Pour ces choix, ceux successifs de ne pas quitter la plateforme, aucun consommateur ne peut être tenu pour véritablement responsable. Car ces décisions ne sont pas vraiment les leurs  : quitter une plateforme de réseaux sociaux, c’est perdre un moyen de communication essentiel, une manière de rester en contact avec ses amis ou famille, de s’informer, voire de travailler.

C’est pour renforcer donc la vraie liberté de choix des utilisateurs que cet amendement propose d’établir l’interopérabilité des réseaux sociaux. Elle consiste à permettre à un utilisateur d’un réseau social A de communiquer avec un utilisateur d’un réseau social B. Ce faisant, l’interopérabilité permet à un internaute de quitter un réseau social dont la politique de modération ne serait pas conforme à ses attentes, tout en pouvant continuer de communiquer avec ses contacts restés sur ledit réseau social.

L’interopérabilité des réseaux sociaux augmente la concurrence entre les réseaux sociaux puisque ces derniers perdront le monopole qu’ils ont aujourd’hui sur leur communauté.

Cette interopérabilité permettra notamment l’émergence de réseaux sociaux reposant sur un modèle économique autre que la publicité ciblée. Elle ouvrira également le champ des possibilités économiques à toute une partie de l’écosystème numérique européen écrasé par les géants chinois et américains.

Il existe aujourd’hui différents réseaux sociaux interopérables entre eux, Mastodon étant le logiciel le plus utilisé dans cet écosystème. Mastodon est un réseau social de microblogging, similaire a Twitter/X, et désormais vu comme alternative crédible à celui-ci.

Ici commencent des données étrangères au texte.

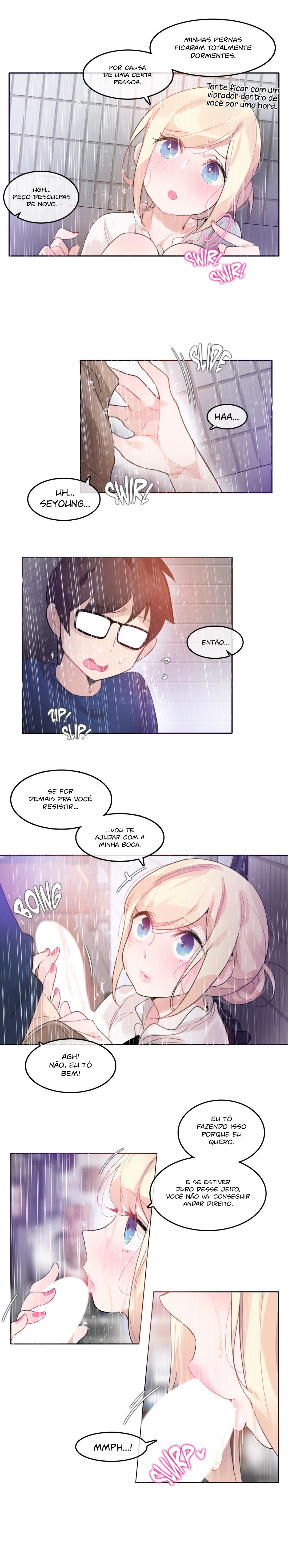 A Pervert’s Daily Life Capítulo 36 Página 12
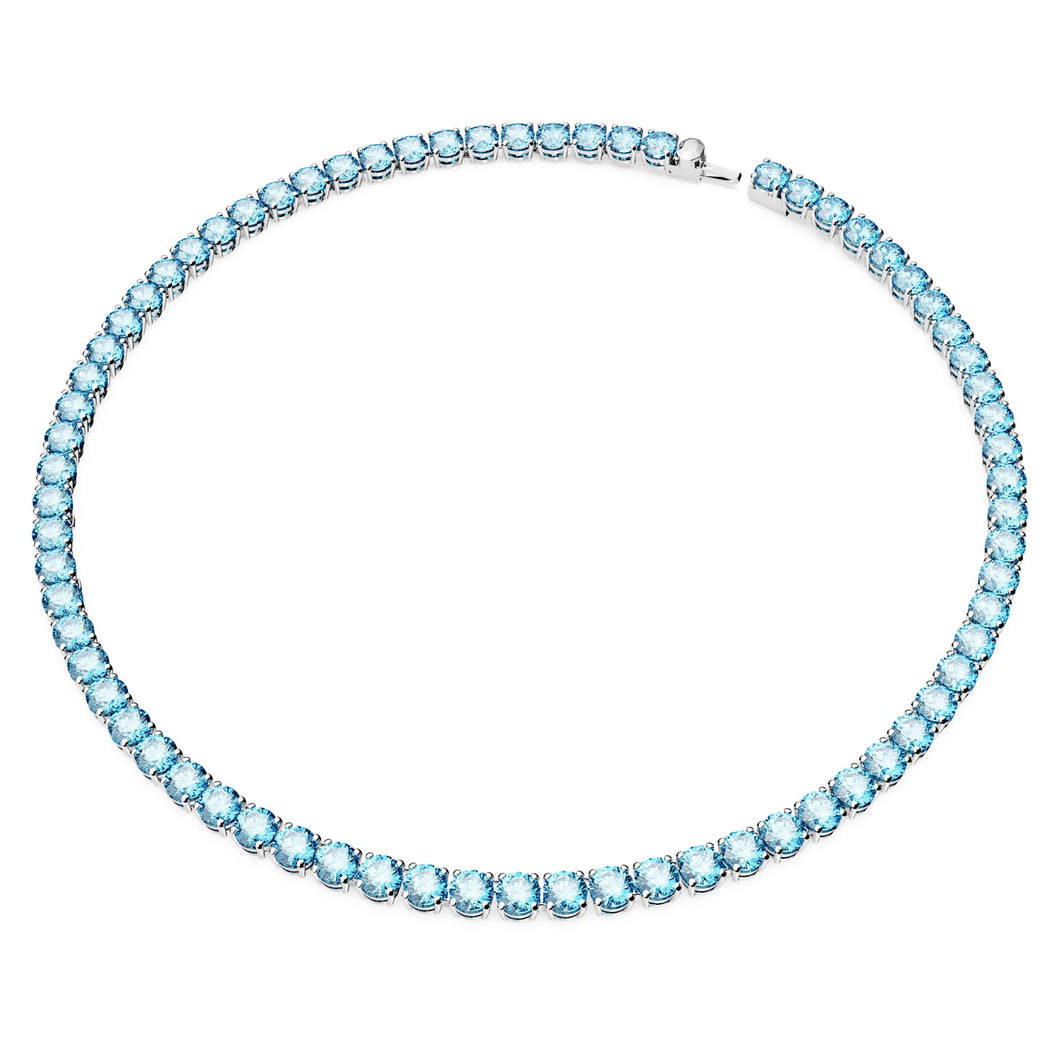 Swarovski Matrix Tennis Necklace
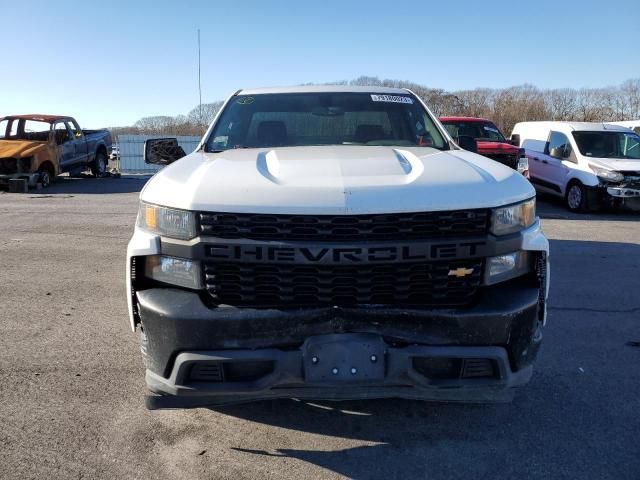 2019 Chevrolet Silverado C1500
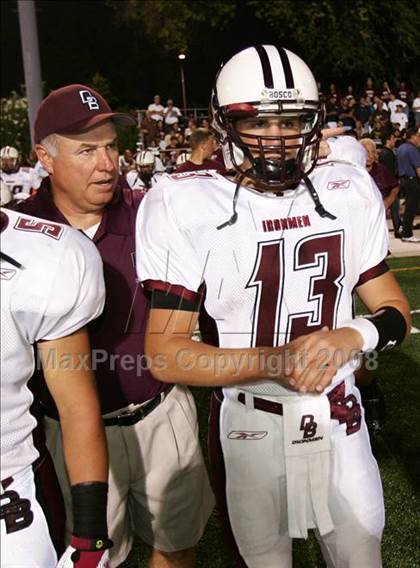 Thumbnail 2 in Don Bosco Prep @ De La Salle (Nike 5 Days 2 Friday) photogallery.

L’Union européenne dispose par exemple d’une « instance » Mastodon, c’est-à-dire de son réseau social interopérable pour les administrations de l’UE, permettant à des internautes sur d’autres « instances » de suivre les comptes européens. La Suisse, également, a récemment annoncé le lancement de son instance Mastodon. De plus, de nombreuses administrations ou organismes publics français ont déjà un compte Mastodon (Conseil national du numérique, Direction du numérique pour l’éducation du ministère français de l’Éducation nationale et de la jeunesse dédié aux logiciels et ressources éducatives libres, Mission Interministérielle Numérique écoresponsable, CNRS, des lycées, ...).

Pourtant, il n’existe aujourd’hui aucune obligation d’interopérabilité pour les grands réseaux sociaux.

Le Digital Markets Act (DMA), règlement européen visant à réguler les plateformes, avait initialement envisagé, sous l’impulsion du Parlement européen, d’introduire une telle obligation d’interopérabilité des réseaux sociaux. Lors des trilogues, cette obligation a été retirée du texte et seule celle des messageries interpersonnelles est prévue dans le DMA.

Le présent amendement vise à introduire une obligation d’interopérabilité des réseaux sociaux. Elle se base sur la proposition du Parlement européen dans le cadre du Digital Markets Act. L’Arcep sera chargée d’établir les normes techniques à respecter puis veillera à leur respect.